Hate pleasure, if only because this is the only means of obtaining it. Reject the foul smoke, and it will be forced back on you as pure flame. But this you cannot believe, until you shall have rejected it without thought of reward.
—ibid, XV
"Pure flame" excites the spiritual imagination (did Patmore read the desert fathers?). "Hate" here, I take to be in the same vein as Jesus saying "If any one comes to me and does not hate his own father and mother and wife and children and brothers and sisters, yes, and even his own life, he cannot be my disciple." Not hate as with disdain or wrath, but as an expression of recognizing the order of good. Nothing should come before God and all things should be ordered toward God. If one is not willing to sacrifice familial relationships for God, then we have made idols of family. And if we must be willing to sacrifice family, and even our life if it not ordered toward God, then pleasure too must be "hated." But when it is so hated, when pleasure is enjoyed not in replacement of God, but as a sign of his goodness, then it shall be received as "pure flame" However, just as when pursuing God, it is necessary to at times withdraw from family ("when you pray, go to your closet, close the door and pray"), when pursuing God it is also necessary at times to abstain from earthly pleasure and take delight in the Lord alone.
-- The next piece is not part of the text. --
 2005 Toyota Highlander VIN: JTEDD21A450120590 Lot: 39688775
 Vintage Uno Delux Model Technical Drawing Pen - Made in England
So give me to possess this mystery that I shall not desire to understand it
—ibid XXVIII
and
Great contemplatives are infallible, so long as they only affirm. When they begin to prove, any fool can confute them.
—ibid LXXIII
Both of these relate to types of religious knowledge: Understanding and Wisdom, or perhaps comprehension and apprehension. This has been at the heart of my recent mystagogy focus. I'm wanting to move away from an apologetics focused knowledge of the faith, the temptation "to prove" and instead affirm "with all my heart and all my soul and all my strength." I want to "go out into the deep" where I'm no longer just learning about God, but I'm encountering Him: My heart says to thee, "Thy face, LORD, do I seek."



Reading The Rod the Root and the Flower (2013, Angelico Press) is a continuation of my reading the Bibliography, or related readings, from Stratford Caldecott's The Seven Sacraments: Entering the Mysteries of God as personal mystagogy. This work is not in the bibliography but Patmore's Religio Poetae Etc. was not available through the library, so I thought this was a good place to start. Mr Caldecott wrote a foreward to the Angelico Press edition of The Rod, etc., which he rewrote as the article linked above for Communio.